(YOUR INSTRUCTIONS) Leaving the pictures aside, transcribe the data below exactly.

(INFORMATION PROVIDED)
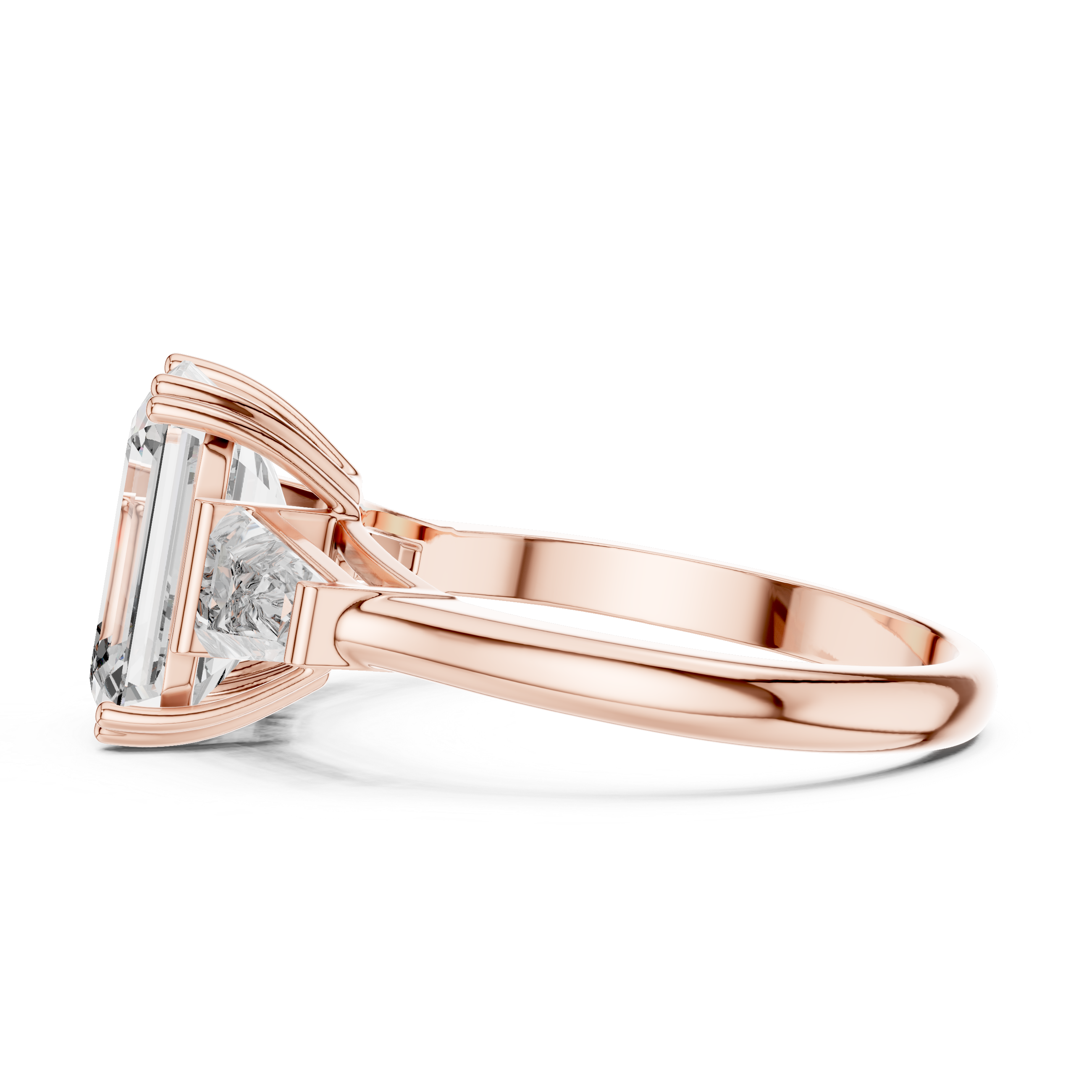 Rose gold ring with a diamond on a white background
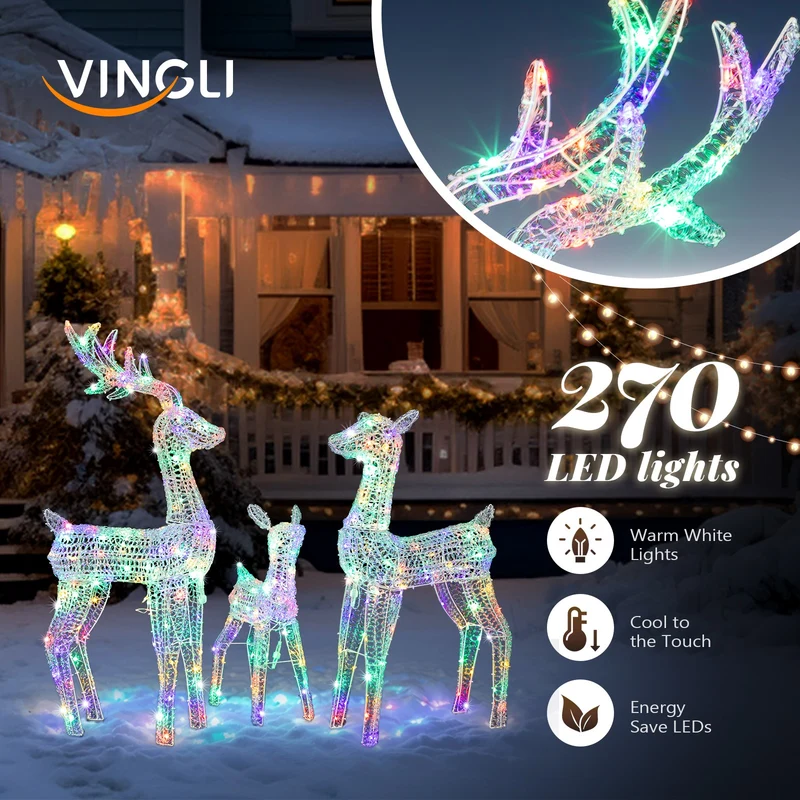 3tlg Rentier Familie Weihnachtsdeko LED Beleuchtet Dekoration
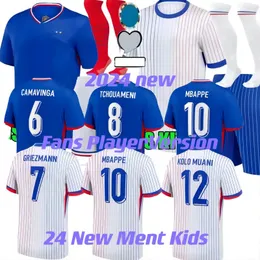 2024 Fanplayer Jersey de futebol francês MBAPPE 24 25Giroud Benzema Griezmann Saliba Pavard Kante Maillot de Foot Equipe Away Kids Kit Jersey Camisa de futebol Home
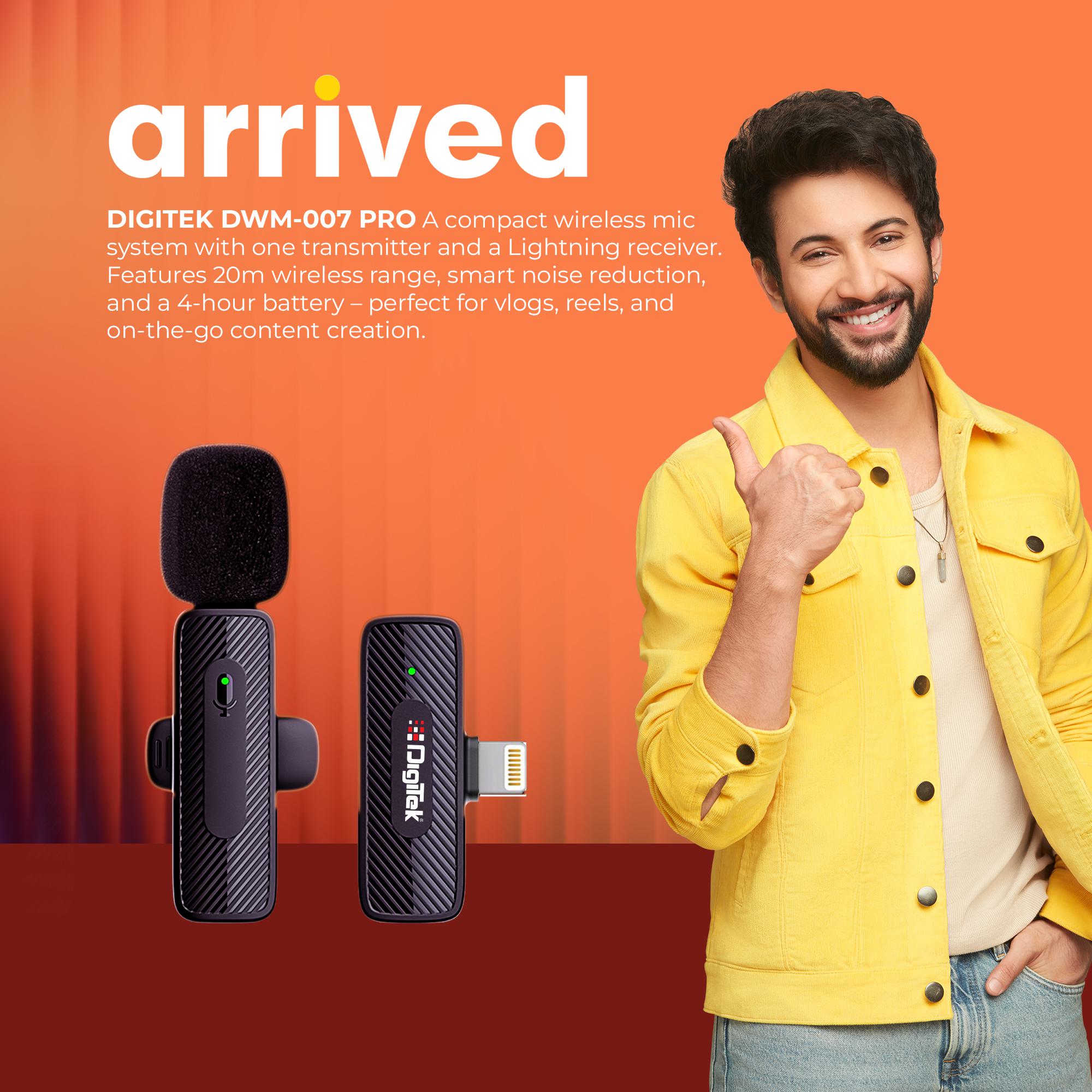 Digitek® (DWM-007 PRO) Wireless Microphone & Receiver with Lightning Connector, 2.4GHz Frequency, 4Hr Battery, 20m Range, Compatible with iPhone & iPad, For Voice Recording, Interview & Live Streaming, for iPhone X/11/12/13/14 Series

(WRITTEN ANSWER)
 Rose gold ring with a diamond on a white background
 3tlg Rentier Familie Weihnachtsdeko LED Beleuchtet Dekoration
 2024 Fanplayer Jersey de futebol francês MBAPPE 24 25Giroud Benzema Griezmann Saliba Pavard Kante Maillot de Foot Equipe Away Kids Kit Jersey Camisa de futebol Home
 Digitek® (DWM-007 PRO) Wireless Microphone & Receiver with Lightning Connector, 2.4GHz Frequency, 4Hr Battery, 20m Range, Compatible with iPhone & iPad, For Voice Recording, Interview & Live Streaming, for iPhone X/11/12/13/14 Series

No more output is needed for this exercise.